Normalization within Representers


To have solutions with non-essential differences have the same representation, the Representer should apply normalizations. In general, the process of create a normalized representation looks like this:

  • Parse the solution's code into an Abstract Syntax Tree (AST)
  • Apply normalizations to the AST
  • Convert the normalized AST to a string
  • Write the normalized AST string to a file named representation.txt (see the interface)

Note though, that the representation doesn't have to be an AST, it could be regular (normalized) code, whichever works best for your track.

To help you get started, we'll now present some common normalization strategies.

Note 1: the normalization examples don't build on each other, they only show one specific normalization. An actual Representer would want to apply them in succession.

Note 2: the code for these guidelines will be in C#, but the guidelines are language-agnostic.

Normalize identifiers

To allow for representations to be naming-agnostic, user-defined names (such as variables, functions, etc) can be replaced with placeholders. In this case, a mapping.json should be produced (see the interface).

It is important to note that all identical names must be replaced with the same placeholder, irrespective of scope.

Source code

public static class Fake
{
    public static int Test(int input)
    {
        var test = input + 2;
        return test;
    }
}

Representation

public static class PLACEHOLDER_1
{
    public static int PLACEHOLDER_2(int PLACEHOLDER_3)
    {
        var PLACEHOLDER_4 = PLACEHOLDER_3 + 2;
        return PLACEHOLDER_4;
    }
}

Normalize white space

Inconsistent white space is so frequent, that normalizing it is a common normalization step. Line endings should also be normalized.

Source code

using   System;

     public static    class Fake
{
    public     static   DateTime Add    (DateTime    birthDate)
    {
        return birthDate.Add( TimeSpan.FromSeconds   (   10  ) )   ;
    }
}

Representation

public static class Fake
{
    public static DateTime Add(DateTime birthDate)
    {
        return birthDate.Add(TimeSpan.FromSeconds(10));
    }
}

Normalize blocks

In many languages, the user has some freedom in how to define a block (or scope). For example, in most C-like languages, scope is declared between curly braces. Usually, it doesn't matter if you put them on the same line or the next, so one could normalize this.

Source code

public static class Fake {
    public static int Test() {
        if (1 > 2) {
            return 0;
        }

        return 1;
    }
}

Representation

public static class Fake
{
    public static int Test()
    {
        if (1 > 2)
        {
            return 0;
        }

        return 1;
    }
}

Remove insignificant code

Not all bits of code are significant to the Representer, which could then be removed. As an example, in most languages comments will be insignificant and can safely be removed.

Source code

/*
   These are some very nice
   comments spanning multiple lines
*/
public static class Fake
{
    // Nice method
    public static string Test()
    {
        return "Test"; // This is very nice
    }
}

Representation

public static class Fake
{
    public static string Test()
    {
        return "Test";
    }
}

Normalize the order where insignificant

In some cases the order of code does not matter. To prevent the same code in different order to create different representations, it might be useful to sort it. Usually the items to sort are functions or declarations. It might be tricky to find the metric(s) to sort by and also tricky to implement. One metric could be the how many AST node children the node contains, another the name of the type of the first child node.
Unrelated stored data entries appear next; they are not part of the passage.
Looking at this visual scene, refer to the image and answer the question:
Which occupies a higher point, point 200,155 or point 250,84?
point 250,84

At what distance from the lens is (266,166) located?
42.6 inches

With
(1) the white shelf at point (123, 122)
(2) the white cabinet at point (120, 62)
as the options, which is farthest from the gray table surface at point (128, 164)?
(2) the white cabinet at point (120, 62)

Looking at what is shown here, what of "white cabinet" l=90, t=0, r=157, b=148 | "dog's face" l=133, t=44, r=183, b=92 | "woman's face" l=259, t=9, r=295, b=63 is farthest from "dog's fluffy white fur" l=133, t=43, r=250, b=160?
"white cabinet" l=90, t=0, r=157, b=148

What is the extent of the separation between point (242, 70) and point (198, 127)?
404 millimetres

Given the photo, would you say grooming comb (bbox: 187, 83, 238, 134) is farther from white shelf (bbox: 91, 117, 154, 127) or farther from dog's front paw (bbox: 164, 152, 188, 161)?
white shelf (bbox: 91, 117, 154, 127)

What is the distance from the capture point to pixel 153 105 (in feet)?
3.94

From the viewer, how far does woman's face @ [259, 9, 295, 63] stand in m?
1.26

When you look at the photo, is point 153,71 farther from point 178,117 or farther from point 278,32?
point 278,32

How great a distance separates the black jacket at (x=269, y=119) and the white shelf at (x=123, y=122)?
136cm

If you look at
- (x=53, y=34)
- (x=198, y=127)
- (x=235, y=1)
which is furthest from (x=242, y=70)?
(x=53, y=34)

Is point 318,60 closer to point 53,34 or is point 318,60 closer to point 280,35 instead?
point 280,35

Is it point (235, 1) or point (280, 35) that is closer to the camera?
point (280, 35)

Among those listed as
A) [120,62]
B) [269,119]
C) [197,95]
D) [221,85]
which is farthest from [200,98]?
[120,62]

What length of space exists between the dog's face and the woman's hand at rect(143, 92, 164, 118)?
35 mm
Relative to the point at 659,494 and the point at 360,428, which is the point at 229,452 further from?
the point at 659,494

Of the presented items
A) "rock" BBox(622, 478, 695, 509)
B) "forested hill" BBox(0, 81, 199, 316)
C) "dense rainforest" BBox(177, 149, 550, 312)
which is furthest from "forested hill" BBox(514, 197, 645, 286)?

This example sorts by some kind of function length:

Source code

public static class Fake
{
    public static string Test2()
    {
        int a = "Test2";
        return a;
    }

    public static string Test()
    {
        return "Test";
    }
}

Representation

public static class Fake
{
    public static string Test()
    {
        return "Test";
    }

    public static string Test2()
    {
        int a = "Test2";
        return a;
    }
}